§ **SUPPLIED DATA**:
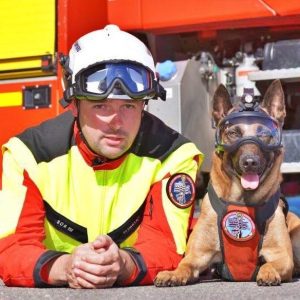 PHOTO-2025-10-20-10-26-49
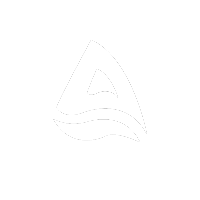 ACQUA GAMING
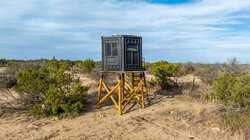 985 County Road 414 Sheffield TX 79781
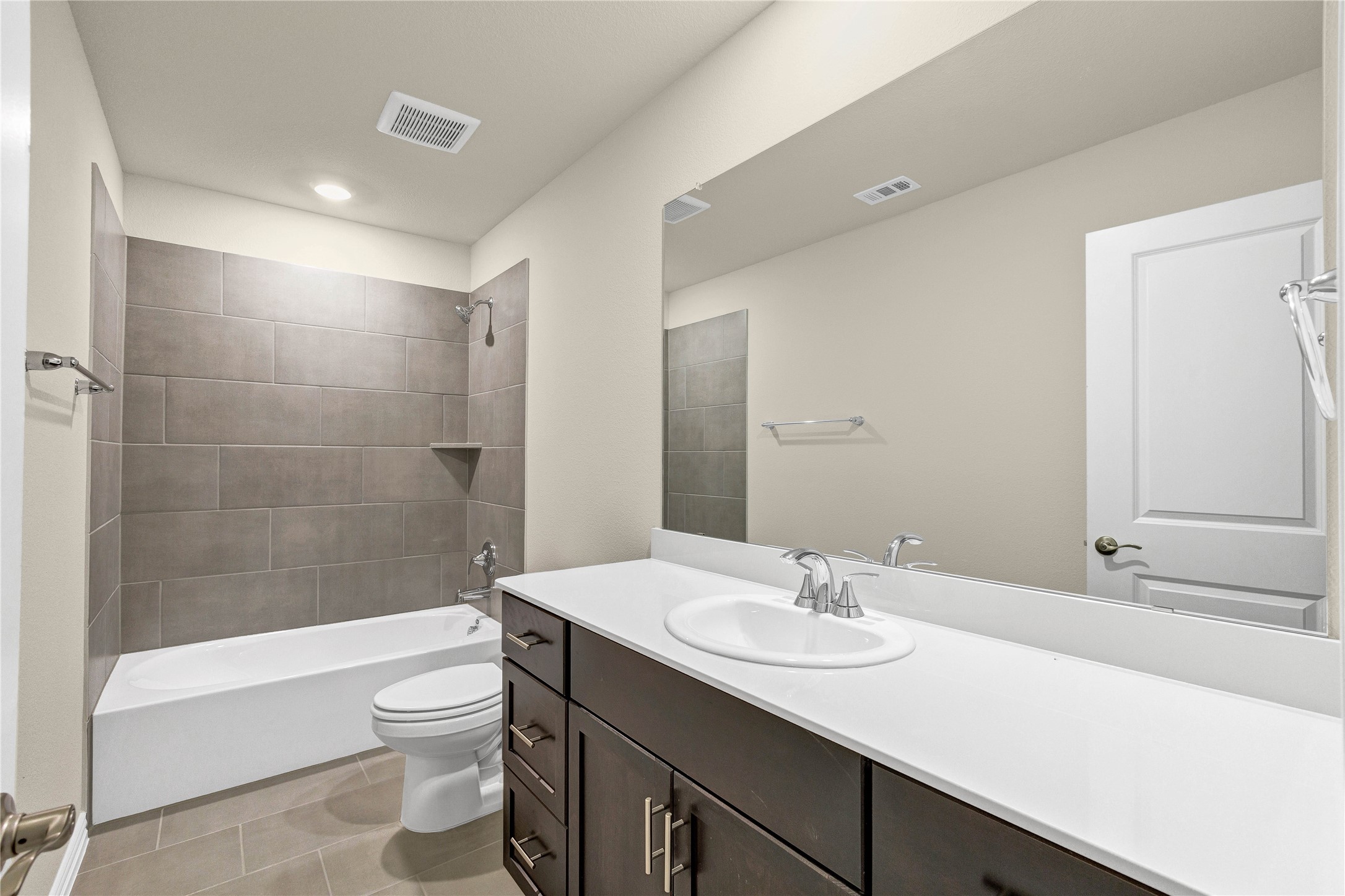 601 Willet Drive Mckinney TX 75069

§ **PROBLEM STATEMENT**: Leave out the pictures, and write out exactly the lines from the one containing "ACQUA GAMING" through the last line of the listing, both included.

§ **ANSWER SECTION**:
 ACQUA GAMING
 985 County Road 414 Sheffield TX 79781
 601 Willet Drive Mckinney TX 75069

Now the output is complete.